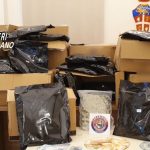 Blitz contro il narcotraffico, 12 arresti e 17 fermi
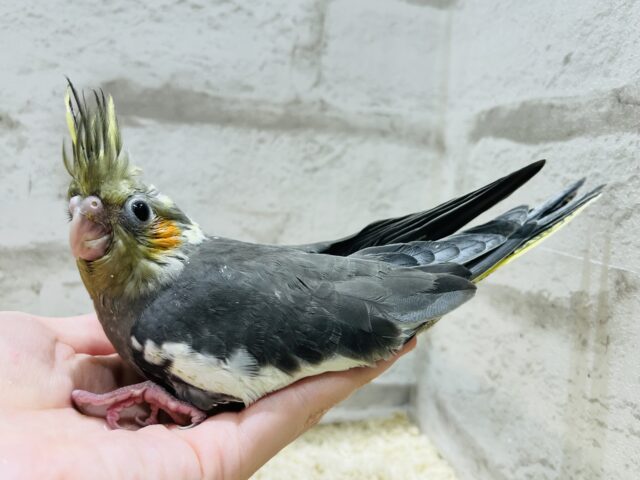 オカメインコ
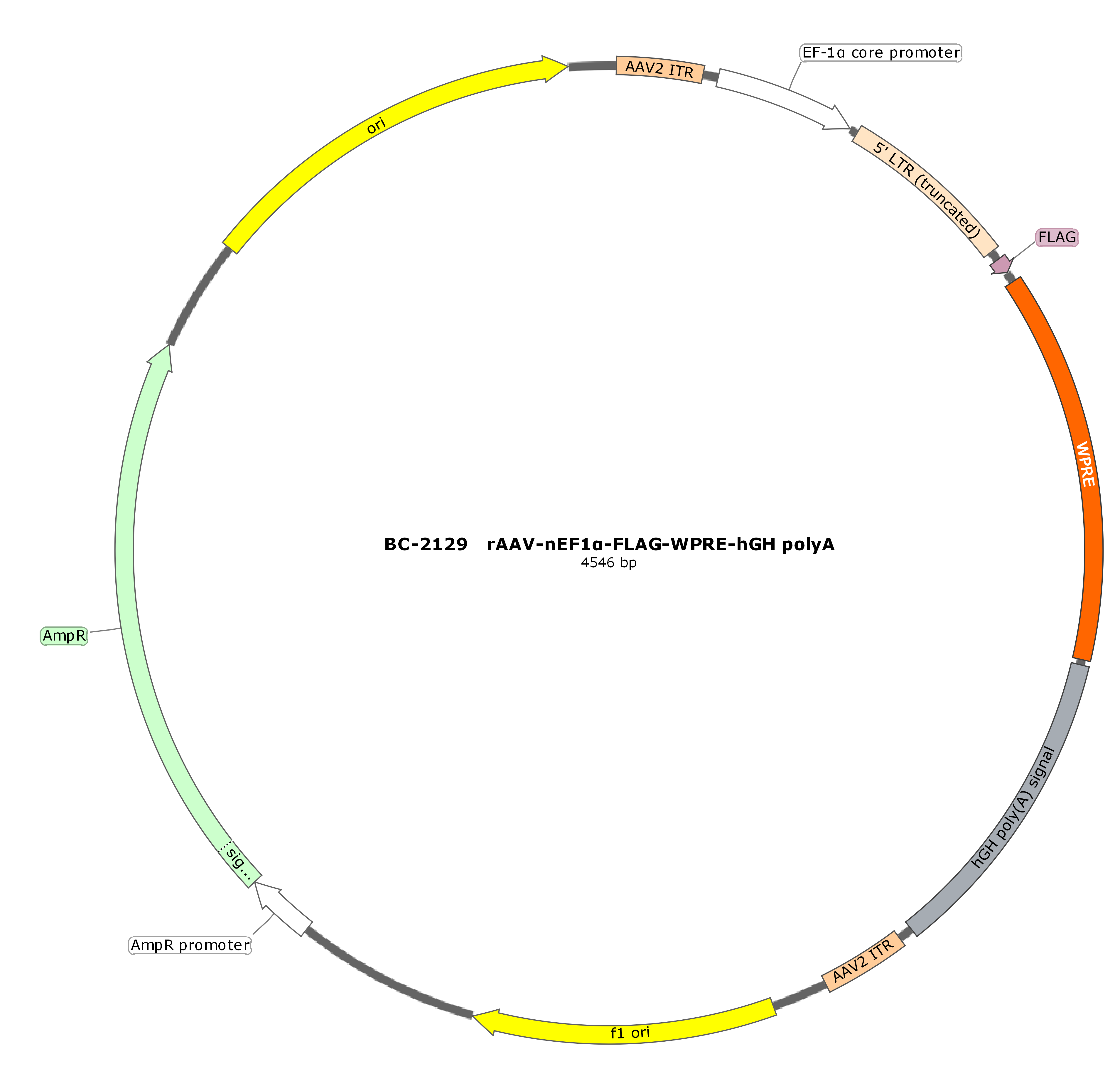 rAAV-nEF1α-Flag-WPREs-pA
= = = =
How to complete this task:
All of the data is to be transcribed exactly, with images omitted.

Solution to this exercise:
 Blitz contro il narcotraffico, 12 arresti e 17 fermi
 オカメインコ
 rAAV-nEF1α-Flag-WPREs-pA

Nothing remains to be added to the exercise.